I’ve worked in teams of all of these types but remain a firm fan of using drawings, whether I have had Red Pens in the room or not. But then, as a Black Pen, I would say that I suppose.
Outside of a whiteboard and the office, I have also increasingly turned to pictures in recent years, in preference to just words. I have developed a liking for the quick (and easy to talk through) sketch as a means to discuss something, present something, or just think something over. This approach is one I am beginning to even favour over a Powerpoint presentation as my go-to way of thinking and presenting stories: a couple of blank A4 pages from the copier and a black pen and I am ready to go. I have found the interface in this case helps the communication process, rather than becoming the barrier that Powerpoint can so often become. I am also quicker with a sketch: I find I can sometimes take so long to put out a decent looking Powerpoint that, by the time I’ve aligned all my shapes, I’m often misaligned with my original point. Neither power nor point in that outcome.

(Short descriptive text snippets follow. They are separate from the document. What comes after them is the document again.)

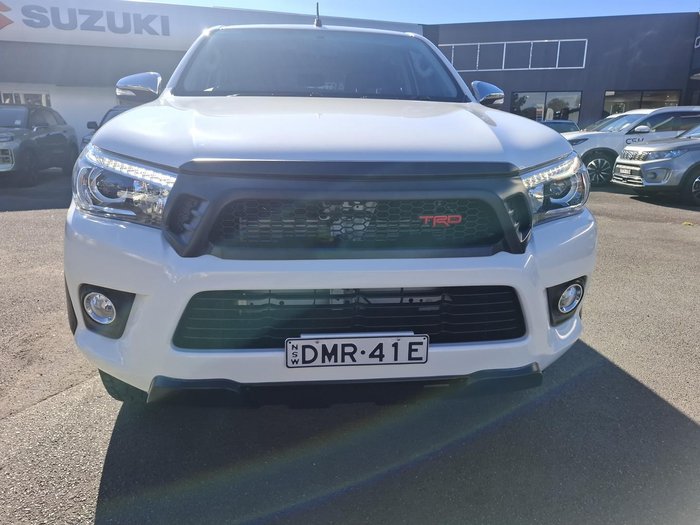 2017 Toyota Hilux SR5
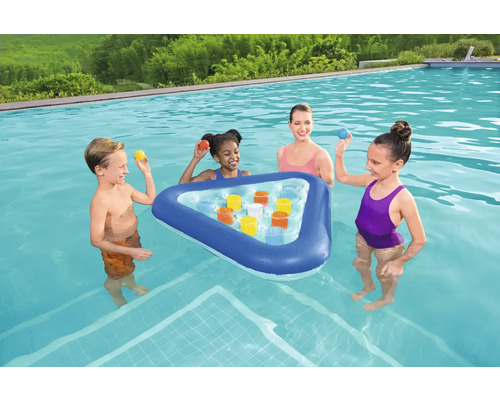 Scenă cu familie și suport triunghiular gonflabil pentru băuturi în piscină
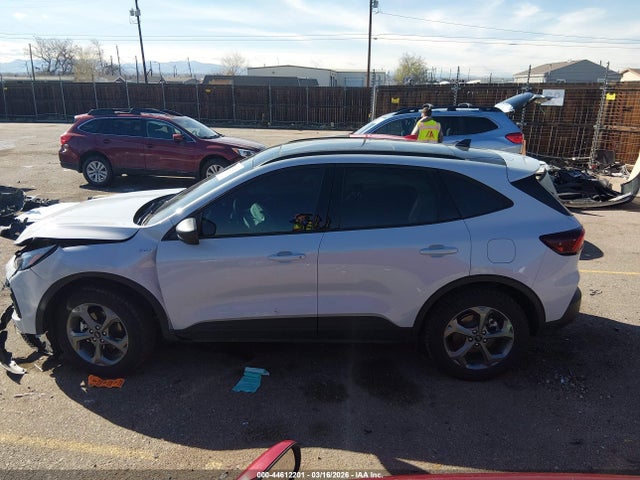 2025 Ford Escape St-line მანქანა იყიდება აუქციონზე, vin: 1FMCU9MN0SUA77888, აუქციონის ნომერი: 44612201
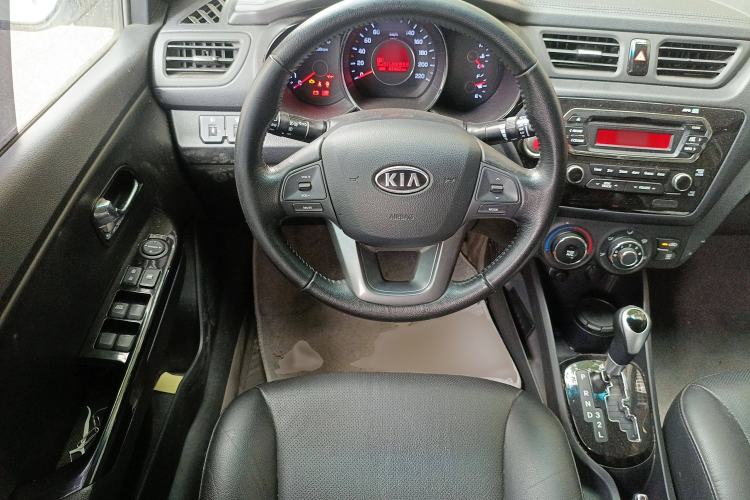 Used Kia K2 2011 Sedan 1.6L Automatic Transmission Premium Steering Wheel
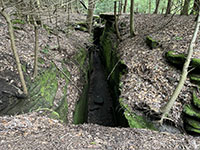 An open joint (chasm) along the Ledges Trail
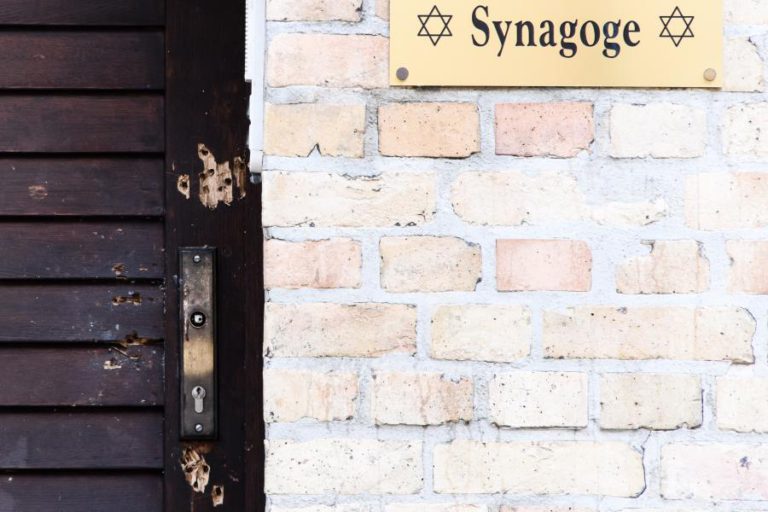 AUTOR DE ATAQUE A SINAGOGA NA ALEMANHA ADMITE MOTIVAÇÃO ANTISSEMITA
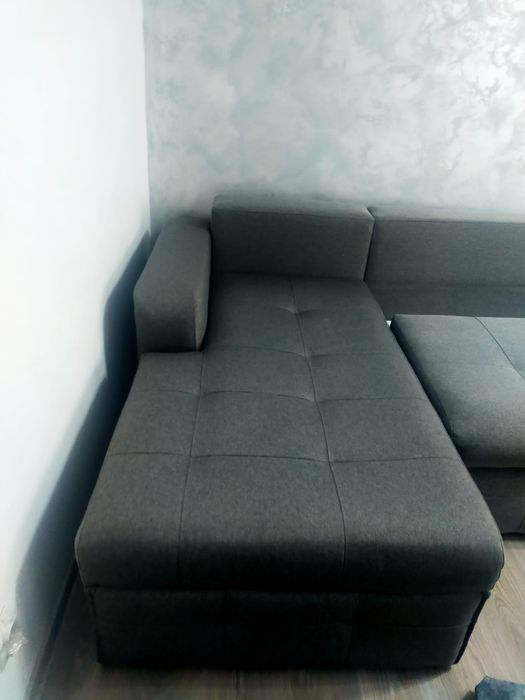 Colțar in stare foarte buna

It’s a skill I think is worth paying more attention to and one I think we should all cultivate. Although some pretty good computer-generated art exists nowadays, the contextual doodle is something that remains a uniquely human capability. It’s also always been an important part of the creative process. As we move to a need for more creativity and innovation in corporations, so we will all need to develop skills to enhance our performance as creatives. In this article on how we’ve been doing brainstorming all wrong, the author suggests adding drawing to writing as beneficial to the creative process. He cites a number of reasons:
- Drawing is better at showing spatial relationships than words.
- The brain has a large visual processing centre and, by drawing, that part of the brain is brought into the creative process.
- Processes are best shown diagrammatically.
Meanwhile, going back to my earlier point about why we should all invest in a little sketching, a study using US and UK data to predict the most important skills most likely to be necessary in the future (around 2030), has listed fluency of ideas, active learning and creativity within the top 10 for both the UK and the US. Ready to ditch any lngering “red pen” mindset now?